SOURCE RECORDS:
====

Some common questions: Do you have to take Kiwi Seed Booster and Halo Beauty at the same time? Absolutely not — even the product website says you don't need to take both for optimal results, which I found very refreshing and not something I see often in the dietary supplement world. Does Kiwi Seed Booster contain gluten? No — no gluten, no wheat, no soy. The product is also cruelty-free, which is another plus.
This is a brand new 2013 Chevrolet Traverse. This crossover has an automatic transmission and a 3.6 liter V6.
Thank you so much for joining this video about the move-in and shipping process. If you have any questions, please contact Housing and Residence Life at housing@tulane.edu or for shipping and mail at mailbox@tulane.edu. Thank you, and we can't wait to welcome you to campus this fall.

====

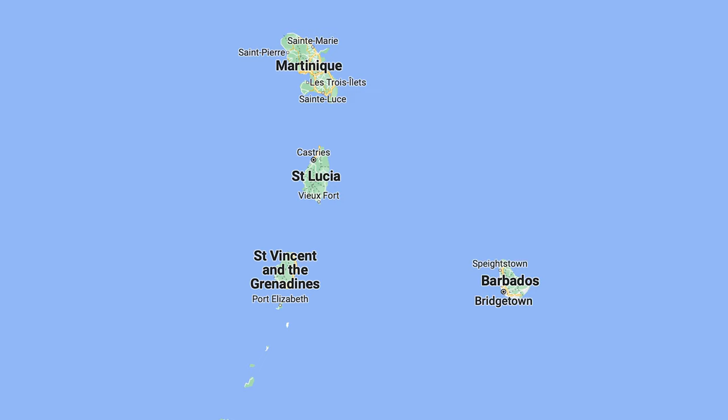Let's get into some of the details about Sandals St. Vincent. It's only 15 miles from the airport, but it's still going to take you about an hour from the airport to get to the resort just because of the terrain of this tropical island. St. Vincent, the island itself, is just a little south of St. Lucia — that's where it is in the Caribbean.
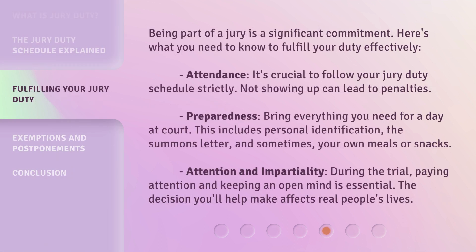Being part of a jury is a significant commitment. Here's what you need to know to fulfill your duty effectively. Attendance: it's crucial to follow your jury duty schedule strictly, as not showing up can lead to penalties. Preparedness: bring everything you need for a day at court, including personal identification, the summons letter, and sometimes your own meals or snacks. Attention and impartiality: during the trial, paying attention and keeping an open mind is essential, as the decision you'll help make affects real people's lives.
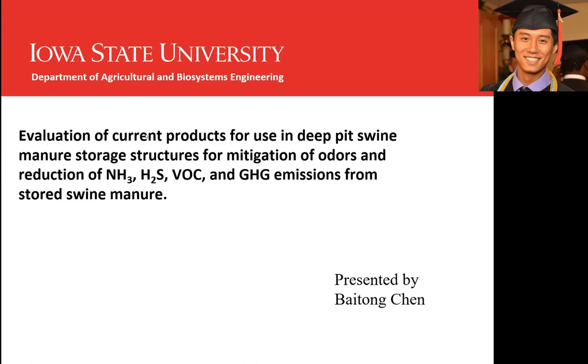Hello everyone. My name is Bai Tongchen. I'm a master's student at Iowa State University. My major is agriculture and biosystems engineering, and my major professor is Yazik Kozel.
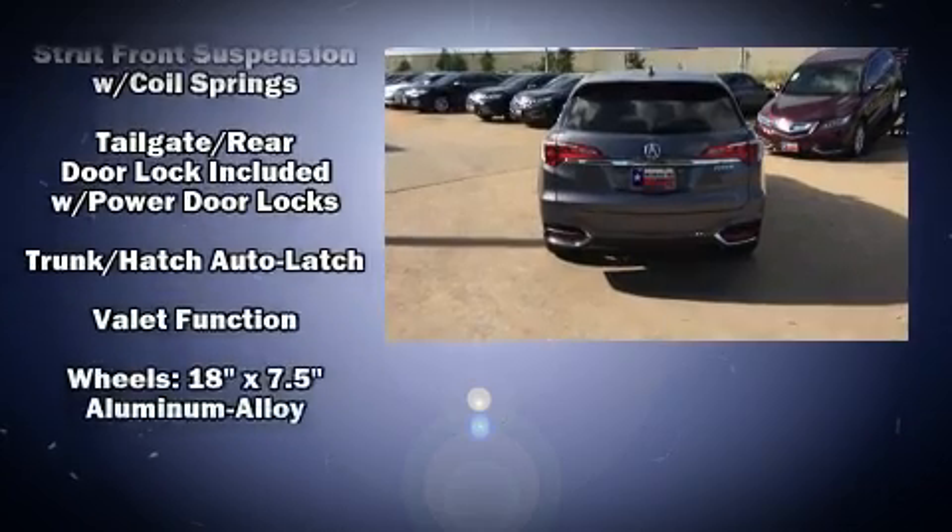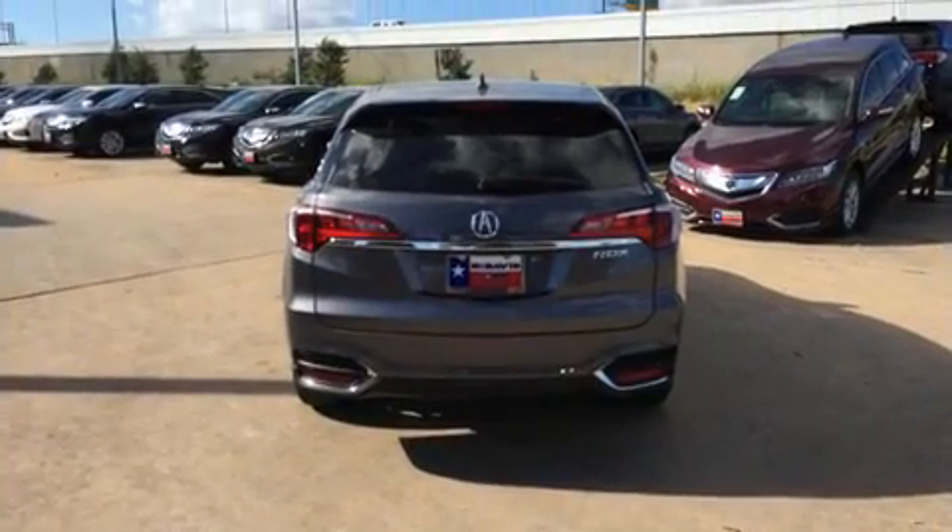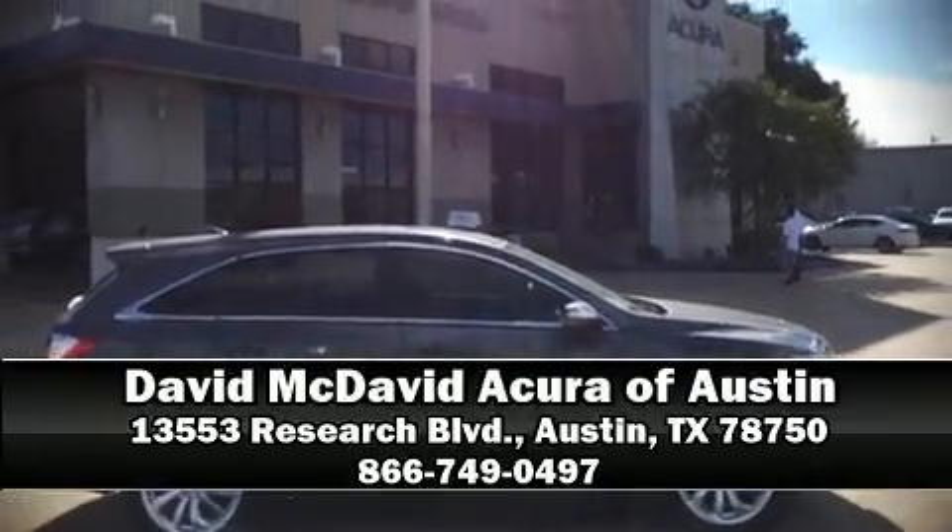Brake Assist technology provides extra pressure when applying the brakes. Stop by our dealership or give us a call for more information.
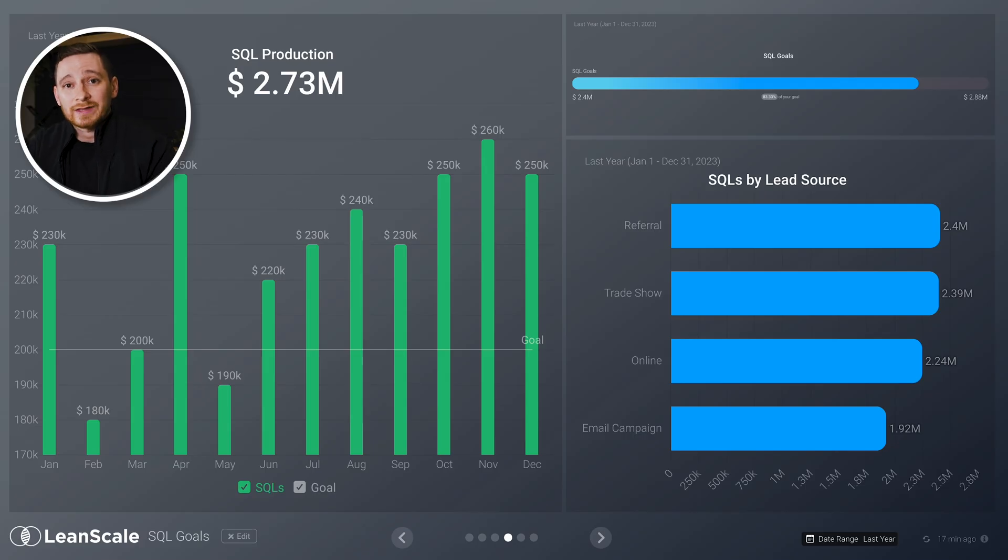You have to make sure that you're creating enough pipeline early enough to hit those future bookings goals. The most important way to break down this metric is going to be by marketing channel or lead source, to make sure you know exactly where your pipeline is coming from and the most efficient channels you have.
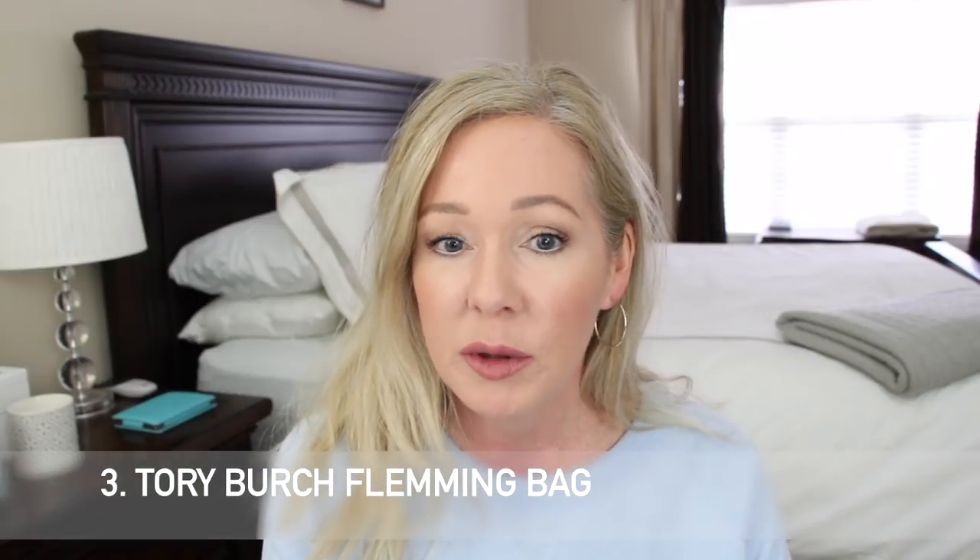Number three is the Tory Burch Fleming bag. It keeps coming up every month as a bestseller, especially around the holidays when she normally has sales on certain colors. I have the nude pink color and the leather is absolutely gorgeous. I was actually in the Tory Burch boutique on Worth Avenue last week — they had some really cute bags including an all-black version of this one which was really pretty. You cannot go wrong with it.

====

ABOUT THIS EXERCISE: When you reach the line holding "Let's get into" in the listing above, begin retyping exactly, and stop once the line holding "You have to make" is done; pictures stay out.

TASK RESPONSE:
Let's get into some of the details about Sandals St. Vincent. It's only 15 miles from the airport, but it's still going to take you about an hour from the airport to get to the resort just because of the terrain of this tropical island. St. Vincent, the island itself, is just a little south of St. Lucia — that's where it is in the Caribbean.
Being part of a jury is a significant commitment. Here's what you need to know to fulfill your duty effectively. Attendance: it's crucial to follow your jury duty schedule strictly, as not showing up can lead to penalties. Preparedness: bring everything you need for a day at court, including personal identification, the summons letter, and sometimes your own meals or snacks. Attention and impartiality: during the trial, paying attention and keeping an open mind is essential, as the decision you'll help make affects real people's lives.
Hello everyone. My name is Bai Tongchen. I'm a master's student at Iowa State University. My major is agriculture and biosystems engineering, and my major professor is Yazik Kozel.
Brake Assist technology provides extra pressure when applying the brakes. Stop by our dealership or give us a call for more information.
You have to make sure that you're creating enough pipeline early enough to hit those future bookings goals. The most important way to break down this metric is going to be by marketing channel or lead source, to make sure you know exactly where your pipeline is coming from and the most efficient channels you have.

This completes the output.